Now we’re going to add a demo, which is a standard R file (in this case including a little R markdown).
The important thing to note here is that you no longer need to
source()
files, since any functions you need to use can be installed as part of the package.
Next, we need to install our package using
devtools::install()
.
After which, we can run demo(package = "packagename")
to
list all of the demos in our package, or
demo("my_demo", package = "packagename")
to run the
my_demo
demo.
Add data
The next thing we’re going to do is add data to our package. To do
this, run usethis::use_data_raw("BCI")
. This will create a
new directory, called data-raw
and within it a file called
BCI.R. We should put our raw,
unedited data in this directory. Any code we use to process our data
should be written in BCI.R. The
processing file should end up looking something like this:
## code to prepare `BCI` dataset goes here
# Read the data
raw.data <- read.csv("data-raw/myrawdata.csv", header = TRUE)
# Process the data
BCI <- some_tidying_process(raw.data)
# Add the data to your package
usethis::use_data(BCI, overwrite = TRUE)
Next we need to generate the packaged data by running the processing
script. The use_data()
function will create a data directory, within which will be an
rds file containing our dataset.
The next step is to open our .gitignore file and add
data-raw
on a new line to ignore the contents of this
directory. The reason being, the contents of data-raw are not part of the package
(installable data exists within your data directory) and we don’t want to
upload these large files to GitHub.
Next we should document our data (more info here and here). To do that, we need to create a data.R file in the R directory. It should look something like this:
#' mydataset
#'
#' Description of mydataset
#'
#' @docType data
#' @usage data(mydataset)
#'
#' @format A data frame with x rows and y variables:
#' \describe{
#' \item{variable1}{description}
#' \item{variabl2}{description}
#' ...
#' }
#'
#' @source \url{http://somewhere.important.com/}
"mydataset"
As usual, we need to run devtools::document()
to
automatically generate the documentation files and then
devtools::install()
to install our package.
After which, we can run data(package = "packagename")
to
list all of the data in our package.
Alternative setup
If for any reason you can’t get usethis::use_github()
to
work, then follow these instructions
to create a repository on GitHub with a README file.

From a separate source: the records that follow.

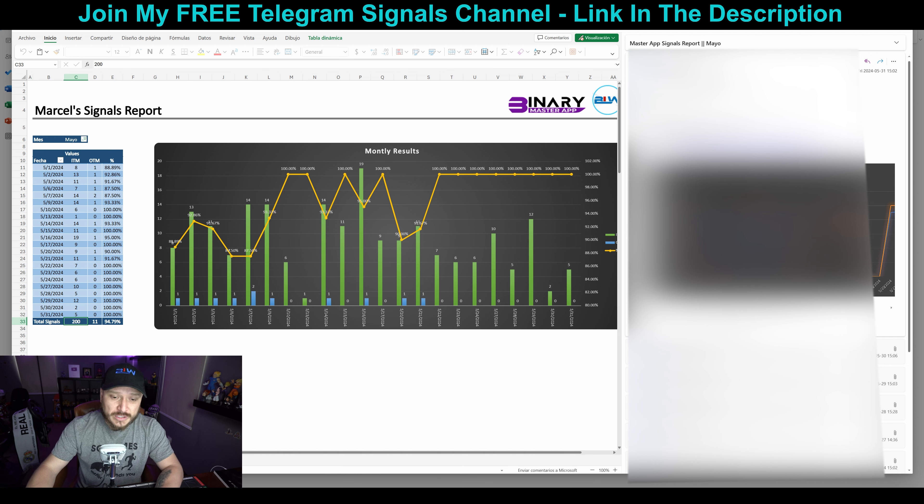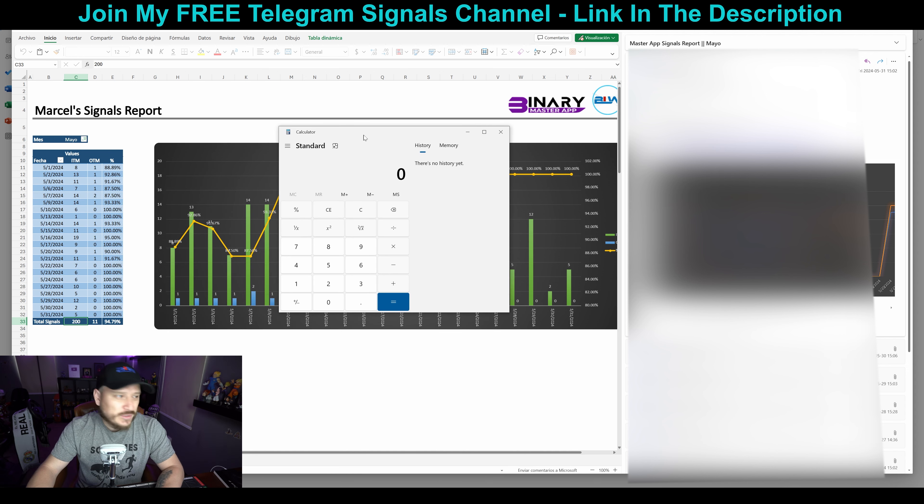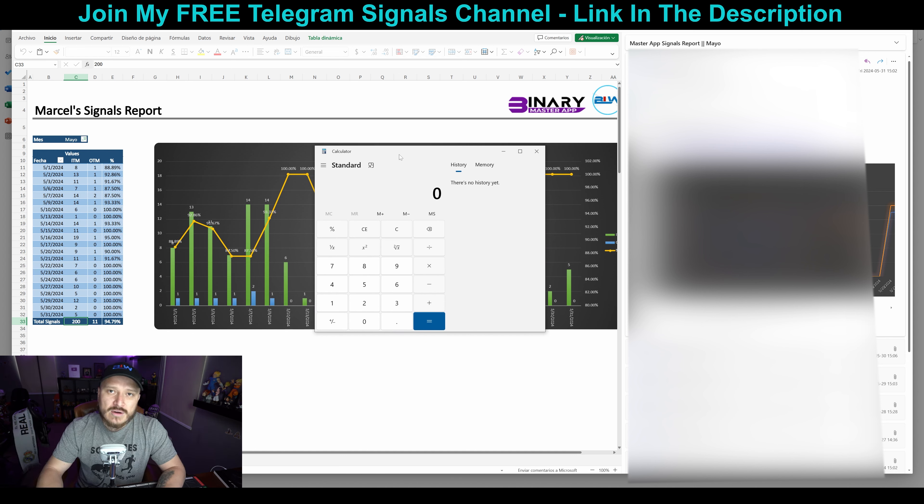200 wins and 11 losses. Let's do the math. If your account is $100 and you're trading with $10 per trade, you make around $7.50, assuming a 75% payout on the pair you're choosing. I'm going to do this math considering you never increase your trading amount — which is almost impossible since you'd double your account. So $7.50 times 200 is $1,500, minus $110 for the 11 losing trades. Even with a $100 account, without changing your trading amount, you could have made $1,390.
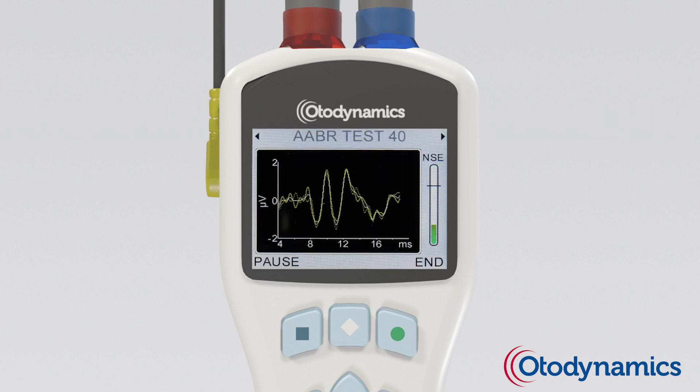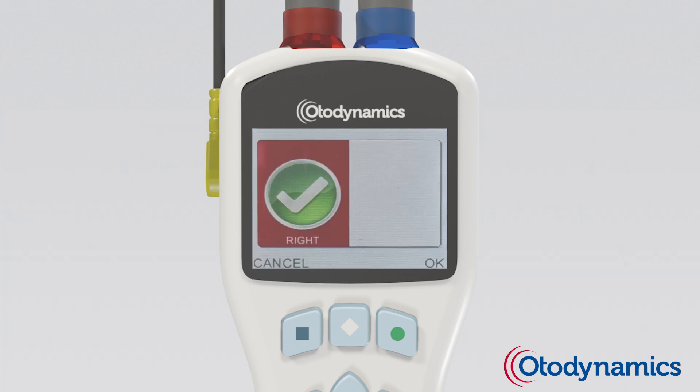Constant monitoring of FSP and ABR waveform shape ensures that a clear response is a true response, and automatically ends before testing the next ear.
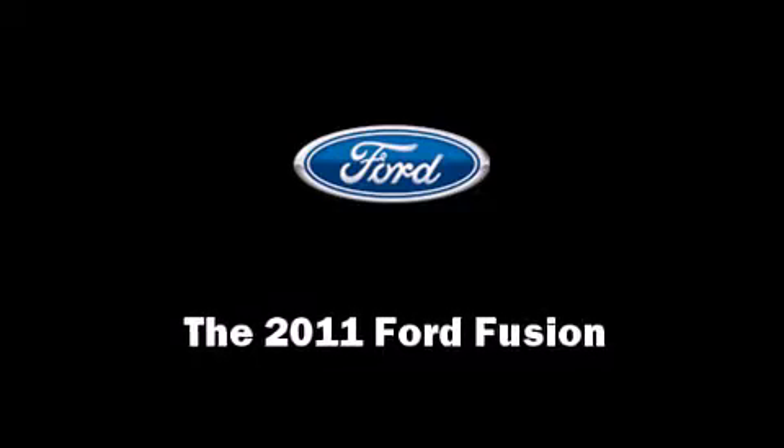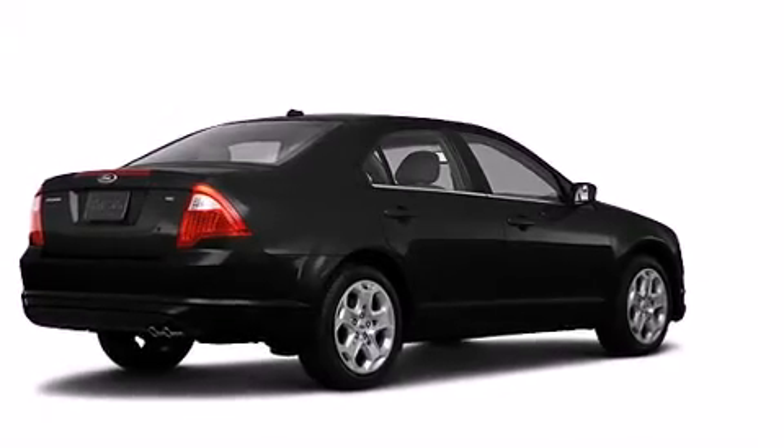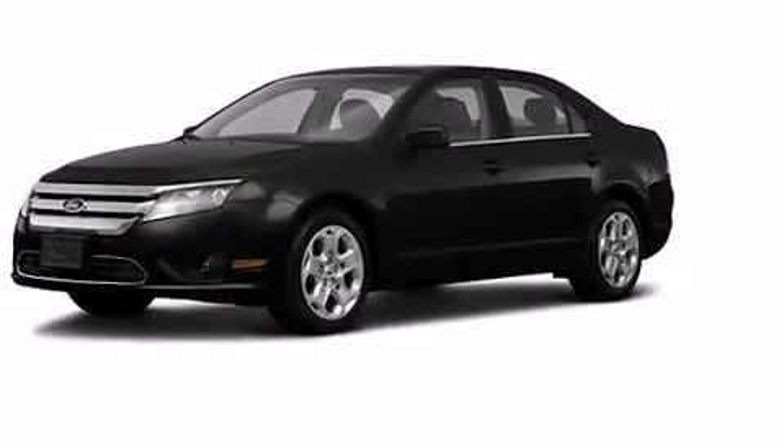Treat yourself to a test drive in the 2011 Ford Fusion. This four-door, five-passenger sedan leads among competitors in its segment.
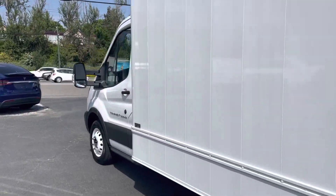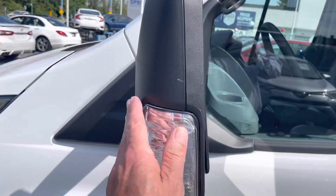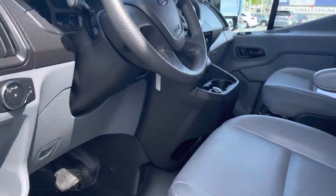Only 23,000 kilometers. Large oversized mirrors with turn signals on the mirror for greater visibility. Power windows, power door locks, keyless remote entry.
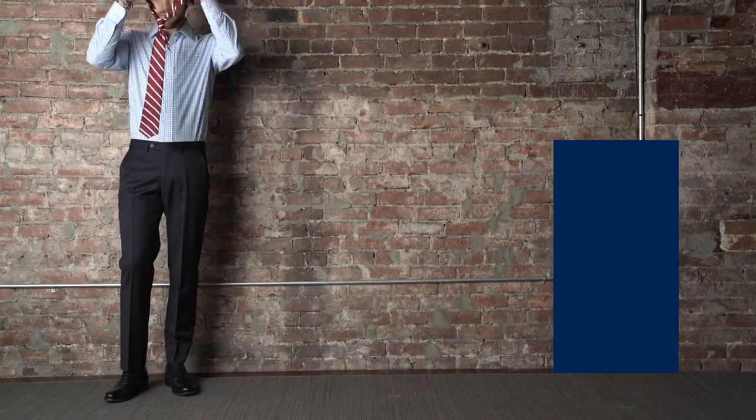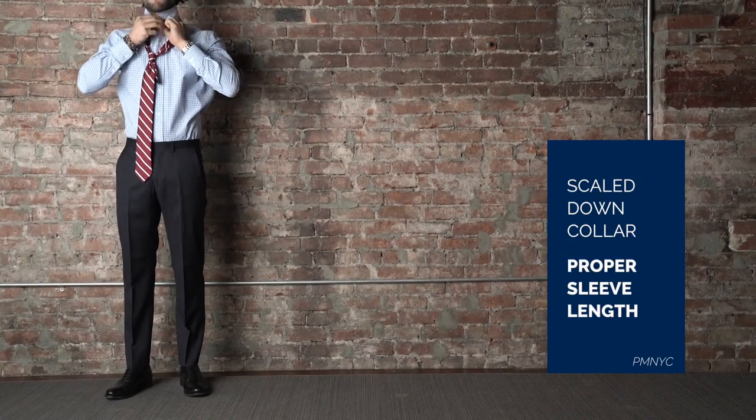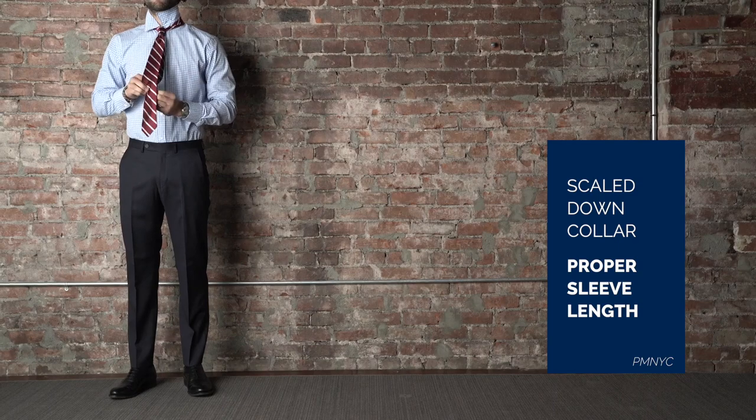This shirt features a scaled-down collar, slimmer arms, a tapered body, and the proper sleeve length.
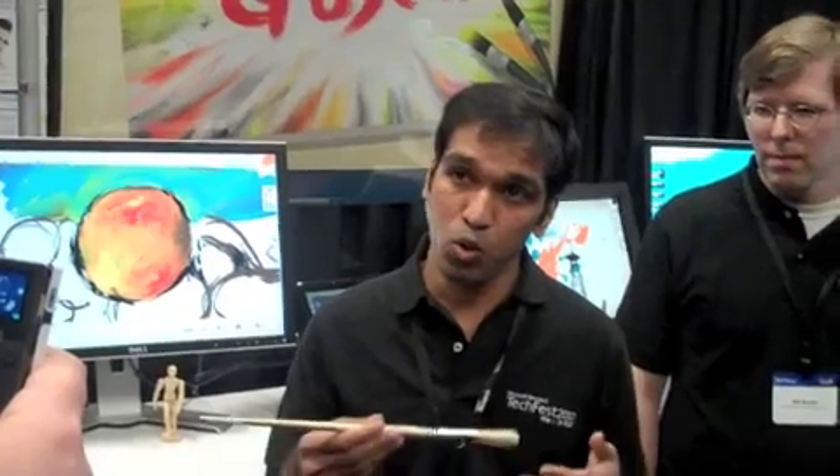What do I mean by a natural painting experience? In the real world, depending upon how you hold the brush, how you mix the colors on the palette and load the colors onto the brush, and how the brush deforms when it comes in contact with the canvas — all of these are very natural ways in which people interact with the canvas in the painting system.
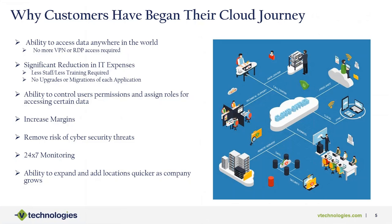When we look at why customers have begun their cloud journey: first, the ability to access data anywhere in the world. Business owners and mid-level management who travel to different countries or states need information at their fingertips. With cloud, they go to a dedicated URL, log in, and get all their information — no VPN or RDP needed. There's also a significant reduction in IT expenses, with less staff and training required to maintain all those running machines. No more upgrades or migrations for each application, which adds cost to the bottom line.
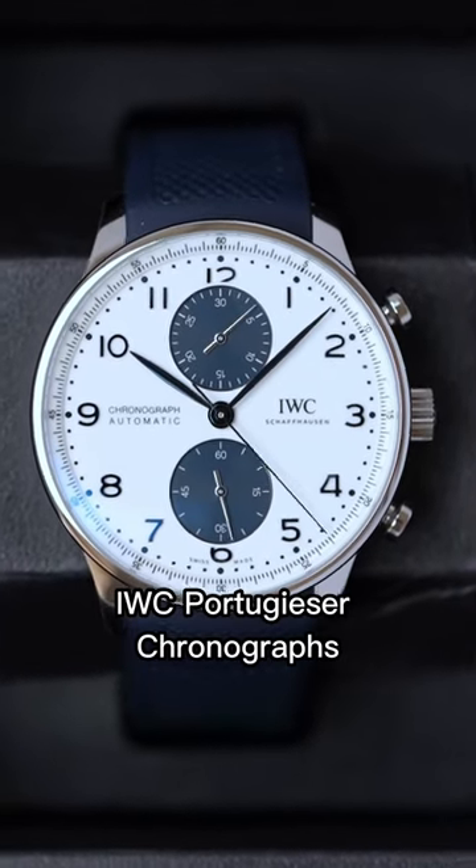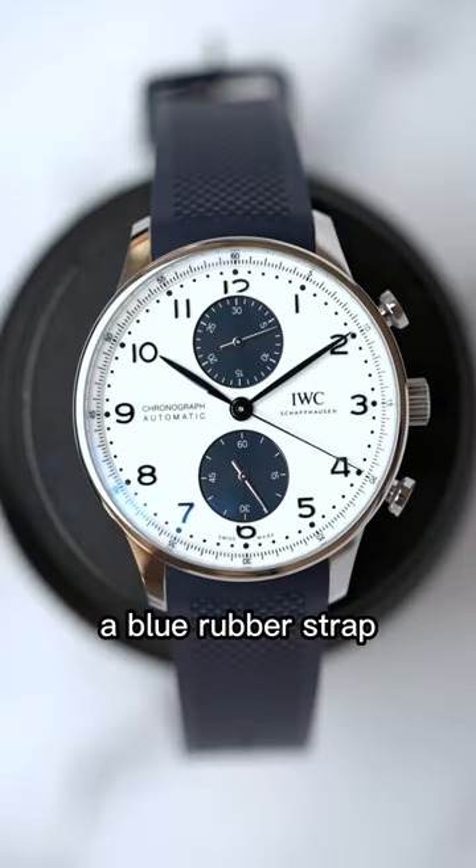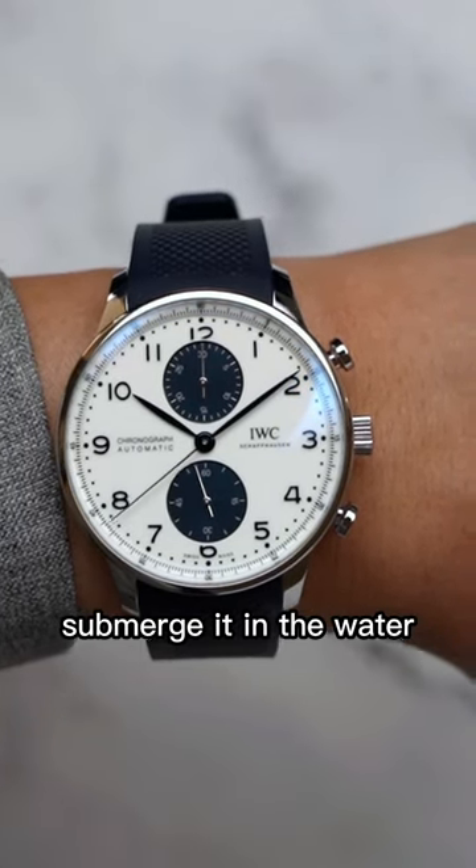Traditionally, these IWC Portugieser Chronographs are dressy or elegant in nature, but IWC has dressed it down with a blue rubber strap. But don't be fooled — this watch is not water-resistant, so definitely do not submerge it in water.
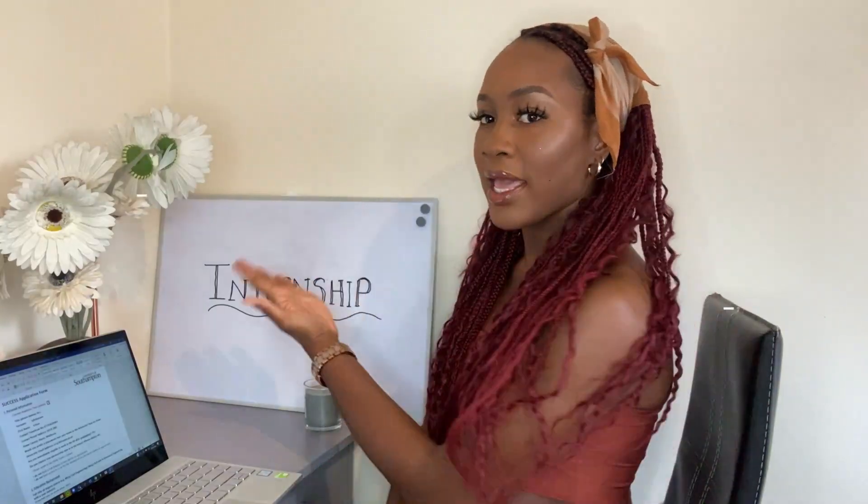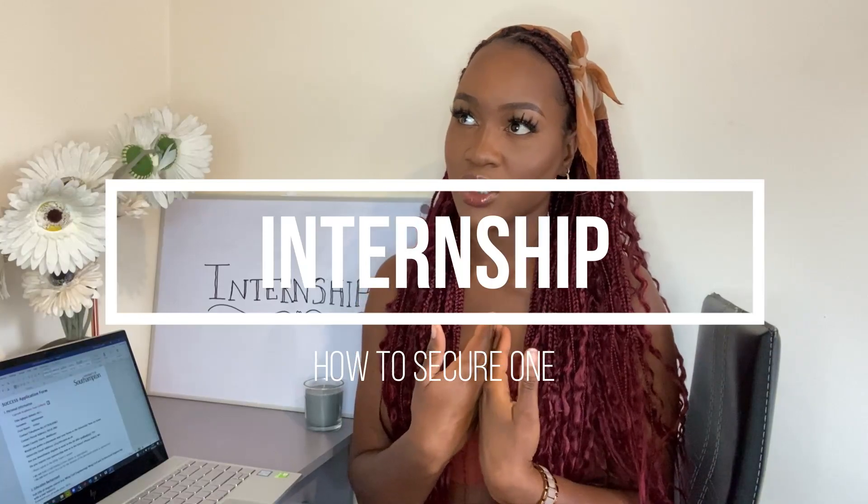Hey guys, welcome back to The Venturous Life. Today's video is all about internships — more specifically, how I got my internship. This is my own experience. I have notes on my phone so this video will go smoothly. I need to stress this: watch all of this video. I have timestamps in the description and I'll list all the different scholarships and how I got my engineering internship.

Remember that the name of
your repository should match the name of your package and be aware that
the name of your package:
“should contain only (ASCII) letters, numbers and dot, have at least two characters and start with a letter and not end in a dot” (ref).
Though very few package
names include a dot. In the following example, the name of our
repository (and package) is packagename
.
Once you have a repository on GitHub, follow these instructions to clone your repository and add it as a new project in RStudio. Then create the package structure by running:
usethis::create_package("structure")
at which point you’ll get a warning saying you shouldn’t really be nesting RStudio projects inside each other. Ignore that and say yes, you want to continue. You’ll end up with a file structure that looks a bit like this:
packagename/ ---> .gitignore
README.md
packagename.Rproj
structure/ ---> .gitignore
.Rbuildignore
DESCRIPTION
NAMESPACE
structure.Rproj
R/
Take everything in the structure directory except for the structure.Rproj and .gitignore files and put it in the packagename directory. Now delete the structure directory and move to the packagename project in RStudio. Once you’ve done that, create an empty directory within packagename called man. Your file structure should now look like this:
packagename/ ---> .gitignore
README.md
packagename.Rproj
.Rbuildignore
DESCRIPTION
NAMESPACE
R/
man/
Finally, delete the NAMESPACE
file and run devtools::document()
to create a new
NAMESPACE file. Why did we just
delete and recreate NAMESPACE?
Because from now on, it will be automatically populated whenever we call
devtools::document()
, which is only possible if we use
devtools::document()
to create a new file. Also, don’t
forget to keep pushing your changes to GitHub.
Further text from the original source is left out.